Soon after Kargil, India and the US started 2+2 Ministerial Talks which have now continued for over two decades. The aim of these talks is to further expand existing military cooperation between the two countries. The long-drawn process of negotiating various agreements was completed with the signing of the Basic Exchange and Cooperative Agreement (BECA) on 27 October 2020. The latest round of 2+2 Ministerial Talks was held in Washington D.C. on 11 April 2022. The Indian side was represented by Foreign Minister S Jaishankar, and Defence Minister Rajnath Singh, whereas the US Secretary of State Antony Blinken and Secretary of Defense Lloyd Austin participated from the US side. Importantly, this time the Talks were complemented by a virtual Summit between Prime Minister Modi and President Biden as well.

This article aims to examine this year’s Talks in two specific domains: Defence and Security and Counterterrorism and Counter Narcotics, because certain statements from both sides may have serious implications for Pakistan.

Ever-increasing cooperation between the US and Indian militaries under BECA in the domain of information-sharing is aimed at providing real-time pictures during peace and crisis, especially to the Indian Air Force (IAF). In fact, “BECA will help India get real-time access to American geospatial intelligence that will enhance the accuracy of automated systems and weapons like missiles and armed drones.”

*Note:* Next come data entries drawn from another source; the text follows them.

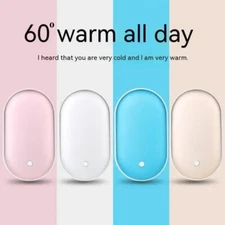 5000mAh Hand Warmers - Portable USB Rechargeable Mini Hand Warmer for Winter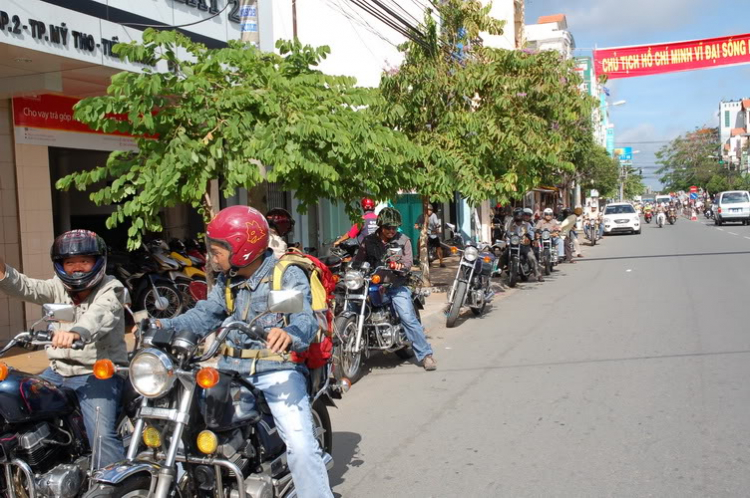 THành lập Hội những người mê và chơi xe Motor Honda LA 250cc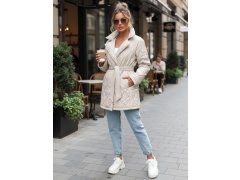 Dámská přechodná bunda TY5587 krémová - FashionStreet 4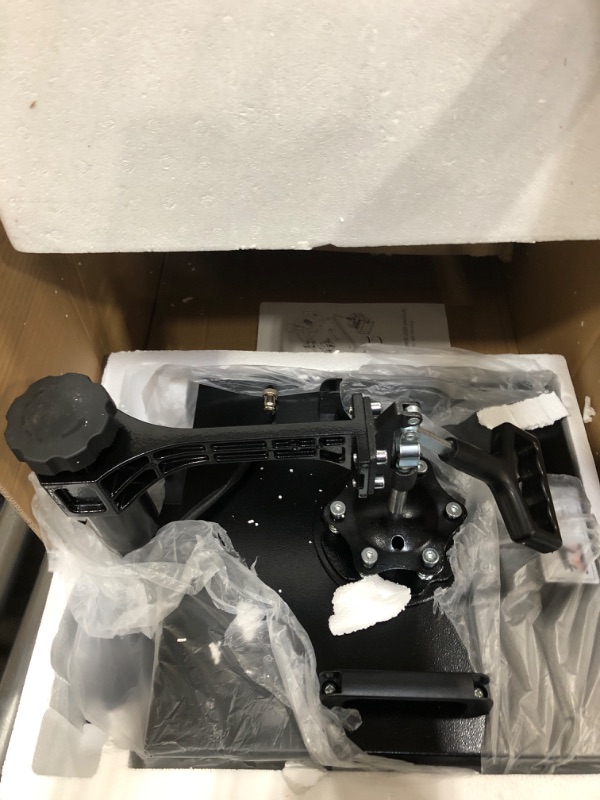 Photo 2 of **SEE NOTES**
Slendor 8 in 1 Heat Press Machine 15x15 inch 360-Degree Swing Away Digital T Shirt Pressing Machine Multifunction Heat Transfer Sublimation Combo for T Shirts Mugs Hat Plate Cap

There is no doubt that the US has the necessary wherewithal with respect to real-time intelligence gathering and sharing of satellite surveillance in specific areas of interest. The US’ assistance to IAF can prove to be critical in any future conflict between India and Pakistan, no matter how limited it is. This exchange of information comes under the pact, Communications Compatibility and Security Agreement (COMCASA), which was signed in September 2018 and “allows the US to provide India with its encrypted communications equipment and systems …., can communicate through secure networks during times of both peace and war.” This level of information-sharing will certainly give an advantage to IAF with regards to better situational awareness of the air battle environment.

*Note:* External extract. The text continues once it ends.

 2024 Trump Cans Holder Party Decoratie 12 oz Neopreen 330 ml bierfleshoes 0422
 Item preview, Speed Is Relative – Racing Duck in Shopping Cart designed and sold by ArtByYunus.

The two sides committed to cementing ties between their security establishments across all domains. Therefore, the US and Indian Ministers also outlined the importance of cooperation in space in preparation for the Inaugural Defense Space Dialogue in 2022. It should be remembered that the two sides are already continuing their Defense Cyber Dialogue since 2021.

In the domain of counterterrorism, the US and India “strongly condemned any use of terrorist proxies and cross-border terrorism in all its forms and called for the perpetrators of the 26/11 Mumbai attack, and Pathankot attack, to be brought to justice.” The Ministers categorically mentioned alleged Pakistan-based banned groups by the UNSC 1267 Sanctions Committee, such as al-Qa’ida, ISIS/Daesh, Lashkar-e-Tayyiba (LeT), and Jaish-e-Mohammad (JeM), and Hizb ul Mujahideen. Most importantly, “the Ministers called on Pakistan to take immediate, sustained, and irreversible action to ensure that no territory under its control is used for terrorist attacks.”

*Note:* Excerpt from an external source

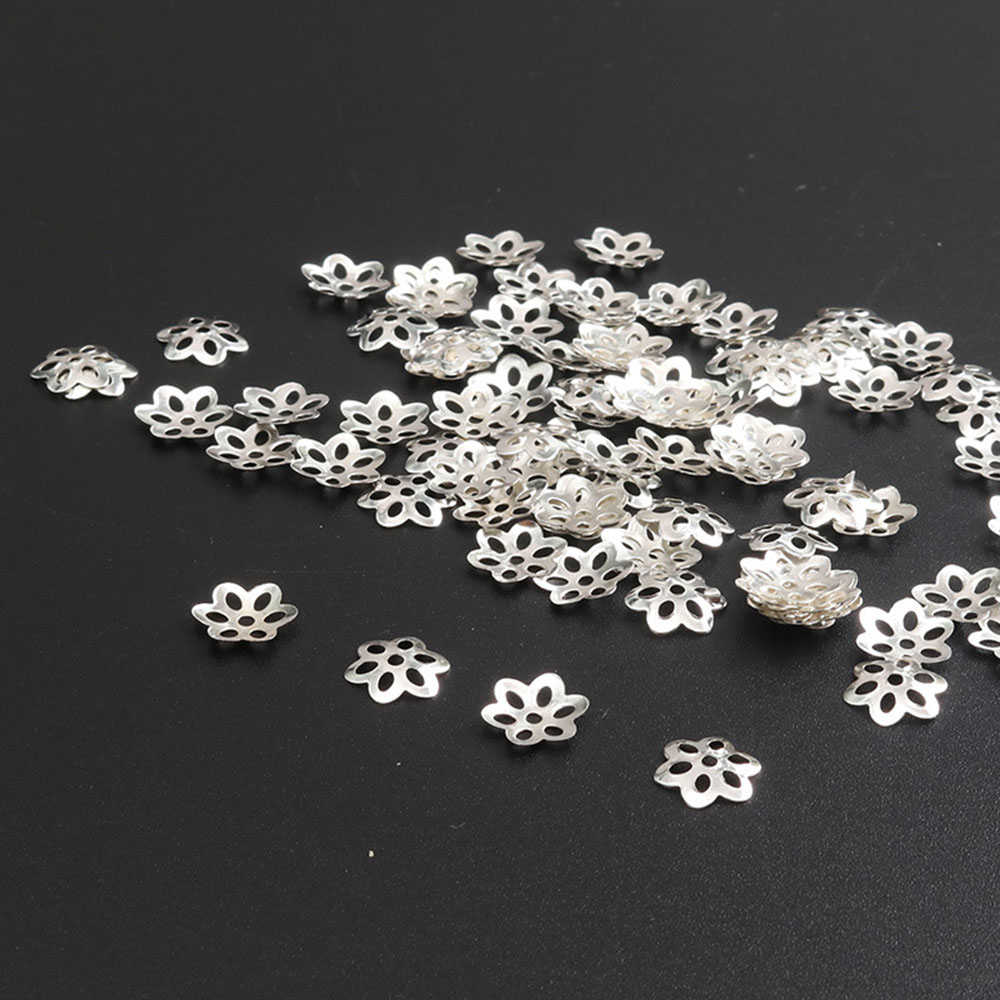 100Pcs Flower Bead Caps per br - Jewelry Making In Bali recensione e prezzo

Pakistan’s Foreign Office has rejected the joint statement of 2+2 Ministerial Talks and called it a “betrayal to the counter-terrorism focus of both countries.” Unfortunately, the Modi-Biden virtual meeting also targets Pakistan and instead of recognising its efforts and sacrifices during the US war in Afghanistan, it again calls for “Do More.”

In my opinion, Pakistan must prepare to counter the growing threat to its communication and military security due to ever-growing strategic cooperation between the US and India, particularly in the domain of real-time intelligence sharing and joint use of geospatial satellites during peace and wartime. It is evident that BECA would benefit the IAF the most in any future conflict between India and Pakistan, no matter how limited it may be.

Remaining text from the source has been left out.